La decisione -"L'abbiamo presa una notte, era domenica (8 febbraio, ndr) e la comunicammo un giorno dopo alla società rosanero. Qui in Argentina lo seppero prima che il Boca Juniors giocasse contro il San Lorenzo de Almagro in Supercoppa (sfida del 10 febbraio persa per 4-0 dai gialloblù, ndr)", ha aggiunto il tecnico argentino che si è insediato il primo marzo sulla panchina degli xeneizes (tre pareggi e una vittoria per il Boca da quando è guidato da Schelotto).

Zamparini ha ragione - "Il presidente del Palermo ha detto che, appena compresa la situazione, non ho provato in alcun modo a rimanere a Palermo? E' vero, ha ragione. Era impossibile pensare di proseguire l'avventura in rosanero. Decisi allora di rassegnare le mie dimissioni, pur sapendo che stavo per lasciarmi scappare un'opportunità unica che potrebbe anche non più capitarmi in carriera.
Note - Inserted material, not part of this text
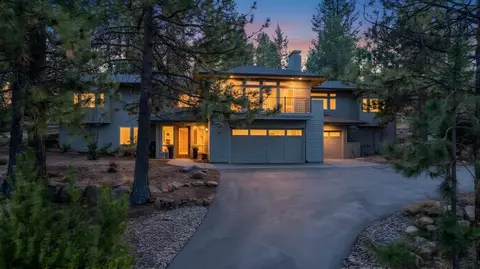 2589 NW Champion Cir, Bend, OR 97703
Però - dice Schelotto a LaNacion - questa era la decisione più logica da prendere. Pensate, fossi rimasto a Palermo, fino a giugno avrei dovuto vivere nella seguente maniera: non sarei potuto entrare nello spogliatoio, lo staff tecnico non avrebbe potuto prendere posto in panchina. Zamparini mi ha fatto sedere in panchina in qualità di dirigente accompagnatore. Ok, poteva essere una soluzione, ma che allenatore è quello che durante le partite non può alzarsi, raggiungere il bordo del campo e urlare indicazioni ai propri giocatori? Ci siamo sentiti limitati e soprattutto a disagio: non è un trattamento cui sono abituati gli allenatori. Per questo motivo ho detto basta. E l'ho detto anche per il bene del Palermo. In che senso? Sapete, i giocatori hanno bisogno di ricevere i giusti incitamenti durante un match e li vogliono ricevere da quel tecnico che li allena in settimana. Una squadra come il Palermo, che lotta per la salvezza, necessita massima comunicazione tra tecnico e calciatori".
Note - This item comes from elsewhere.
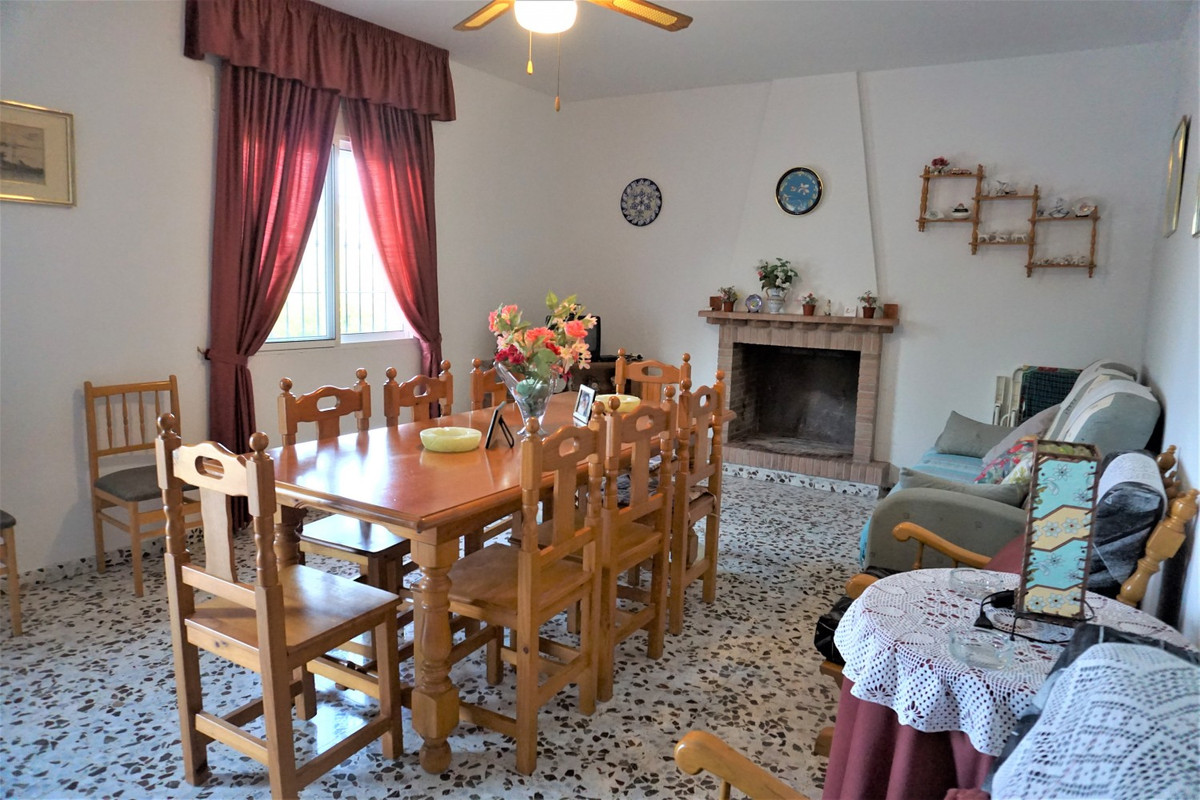 3 Bed Townhouse for sale in Alcaucín Costa Del Sol East, Málaga, Spain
I corsi a Coverciano -"La società mi ha chiesto di frequentare un corso in Toscana, a Coverciano. Sarebbe cominciato ad aprile. Ma frequentare questo corso non sarebbe bastato. Una volta conseguito il primo 'diploma', ne avrei dovuto cominciare un altro, da settembre 2016 fino a metà di maggio 2017, una volta al mese. E infine, sentite questa, un altro da giugno a luglio 2017, da lunedì al venerdì. Mi è sembrato più che giusto tornarmene in Argentina e continuare ad accumulare esperienza alla guida del Boca Juniors".